Our current administration has been an almost constant trigger of our own traumas, no matter whether it is us or friends or family who feel a lack of safety with what our government is doing. Even worse, it has been a trauma in and of itself, seeing this man, a bully, a harasser, a discriminator and his followers proud of their racism, sexism, anti-semitism, bullying, abusive behavior, become president.

Now, not only did we have old traumas triggered, we feel scared for ourselves and our family. We feel powerless and helpless.

In essence, we feel traumatized once again–especially with his reaction regarding Charlottesville, his equating “many sides” and saying the Confederate flag and statues are a special part of our culture, that Nazis marching through a city is perfectly normal and acceptable and no reason for genuine condemnation.

But here’s the difference.

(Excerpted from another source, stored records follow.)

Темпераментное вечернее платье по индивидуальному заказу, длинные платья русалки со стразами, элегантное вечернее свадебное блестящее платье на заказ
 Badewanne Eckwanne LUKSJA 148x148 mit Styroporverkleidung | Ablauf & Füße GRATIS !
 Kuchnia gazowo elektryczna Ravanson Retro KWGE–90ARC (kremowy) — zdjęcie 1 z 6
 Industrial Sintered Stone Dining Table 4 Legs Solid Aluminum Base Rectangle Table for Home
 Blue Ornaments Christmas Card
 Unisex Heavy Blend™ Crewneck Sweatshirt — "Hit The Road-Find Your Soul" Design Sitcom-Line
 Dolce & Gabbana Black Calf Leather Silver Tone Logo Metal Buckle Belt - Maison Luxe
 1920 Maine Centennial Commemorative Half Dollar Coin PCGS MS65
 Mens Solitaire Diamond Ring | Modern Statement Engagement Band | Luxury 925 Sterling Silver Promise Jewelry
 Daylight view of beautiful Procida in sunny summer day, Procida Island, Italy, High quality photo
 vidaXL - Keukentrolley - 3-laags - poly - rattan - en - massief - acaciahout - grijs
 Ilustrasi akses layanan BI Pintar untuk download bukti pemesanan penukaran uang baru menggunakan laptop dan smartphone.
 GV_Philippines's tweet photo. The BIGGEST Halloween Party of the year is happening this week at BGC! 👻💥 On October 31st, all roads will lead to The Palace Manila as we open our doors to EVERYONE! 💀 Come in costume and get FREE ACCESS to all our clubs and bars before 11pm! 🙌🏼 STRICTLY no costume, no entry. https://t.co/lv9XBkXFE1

Whether our traumas happened long ago or more recently, we are stronger than we were then and we are not alone now. We are not fighting this alone, defending our families and country all by ourselves.

  • We have each other to turn to for support when we don’t feel strong enough to go on.
  • We have each other to brainstorm ideas of how to fight back, how to make sure our elected leaders know how we feel and how strongly we feel it.
  • We have each other to think about what organizations we should be giving money to so they can help protect those that need protection.
  • We have each other to think about specific actions we can take to make our voices heard, to help those who need help.
  • We have each other and our combined strengths are pretty powerful.

This *has* been traumatic for so many of us and that is *why* we feel this way. We can’t underestimate how profoundly this period of our lives is being affected and how it is affecting us. Not because we are weak, but because we are connected. We feel. We care. We’re invested in ourselves, our families and our future. These are just a few of the things that makes us different and special.

Even though the wounds are still so fresh and continue to reopen, let’s remember we aren’t the little kids who got hurt long ago. We are strong adults able to stand up for what we believe in and to not only protect ourselves (maybe in ways we never could as kids), but also stand up and protect others, too.